Students enter the Scott County Juvenile Detention Center School, administered by the Mississippi Bend Area Education Agency, at a chaotic time in their lives. The teachers there know the conventional method of assessing an incoming student’s learning levels and then assigning appropriate grade level work does not often lead to a positive learning attitude by the student nor does it promote progress. The students do not know why they are assigned the work or why they should strive to master it. The students have no relationship with these teachers.
 
Bob Bosco, teacher at the Juvenile Detention Center School, has created the Student Educational Conversation and Progress Report to address these problems. Incoming students are pre-tested to determine their reading levels, knowledge of Kansas University (KU) strategies/routines, and math levels.

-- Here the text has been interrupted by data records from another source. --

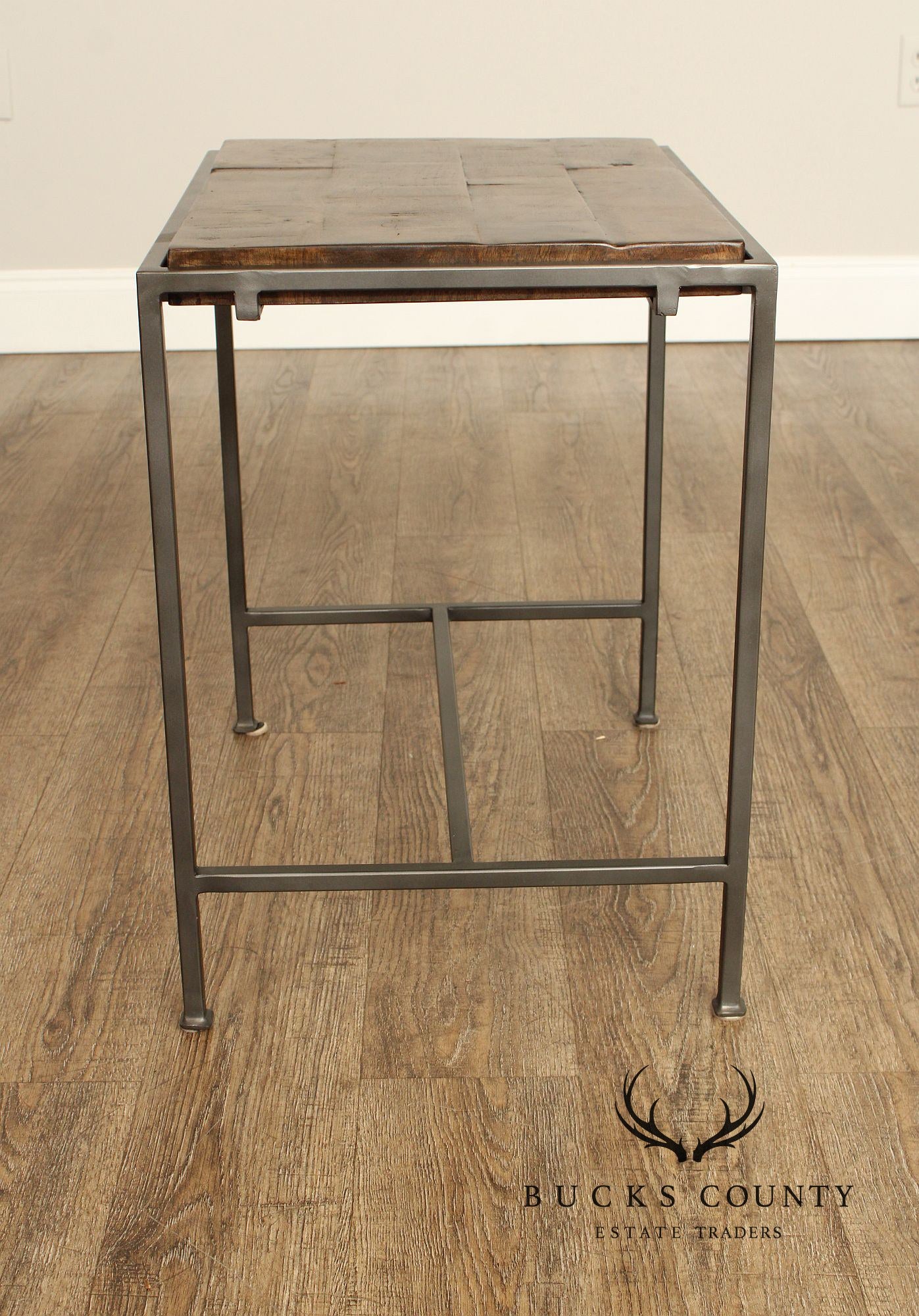 Industrial Style 'Simien' Iron End Table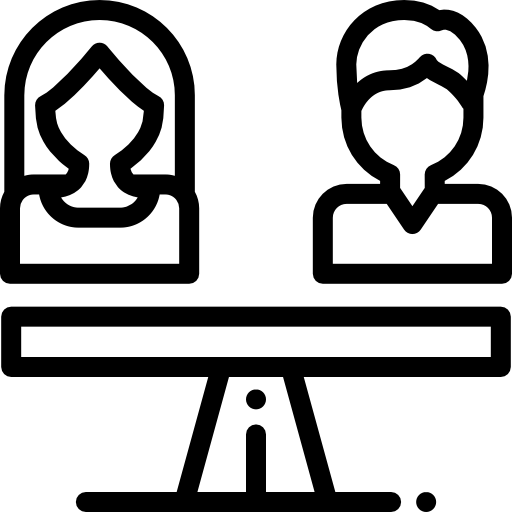 igualdad Detailed Rounded Lineal icono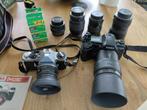 een Pentax en een Sigma met lenzen, Ophalen, Zo goed als nieuw, Spiegelreflex, Pentax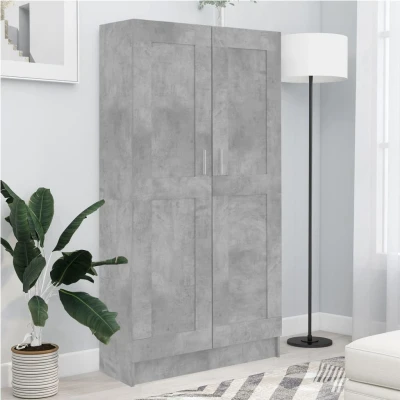 Afbeelding van Boekenkast 82,5x30,5x150 cm spaanplaat betongrijs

The teacher then has an educational conversation with the student, sharing scores on all of the pretests, explaining the reasoning for learning the KU strategies and math concepts, and promoting the commitment the Juvenile Detention Center Staff make to teaching him the content to meet his learning goals. After reviewing the learning goals for the student, the student signs a commitment statement pledging to put forth his best effort to earn mastery post-test scores. The data shared with the student has meaning and a rapport is developed with the teacher.
 
This method promotes a teamwork atmosphere for the students and staff. The students are more willing to participate in lessons because they understand the purpose of their learning and with concrete goals of mastery level scores on post-tests. By working together to meet these goals, the student builds a working relationship with the teacher. Furthermore, when the student achieves mastery post-test scores in any area, the event is celebrated. During the 2008-2009 school year, students working on the KU Sentence Writing Strategy had an average pre-test score of 52% and an average post-test score of 92%. When tested over the LINCS Vocabulary Strategy, average pre-test scores were 43% and average post-test scores were 98%. Teachers at the Juvenile Detention Center School feel they are more focused in their instruction and are gratified knowing that no matter how long a student stays in their program (which may be as little as three weeks to as long at two months) they can help that student see progress.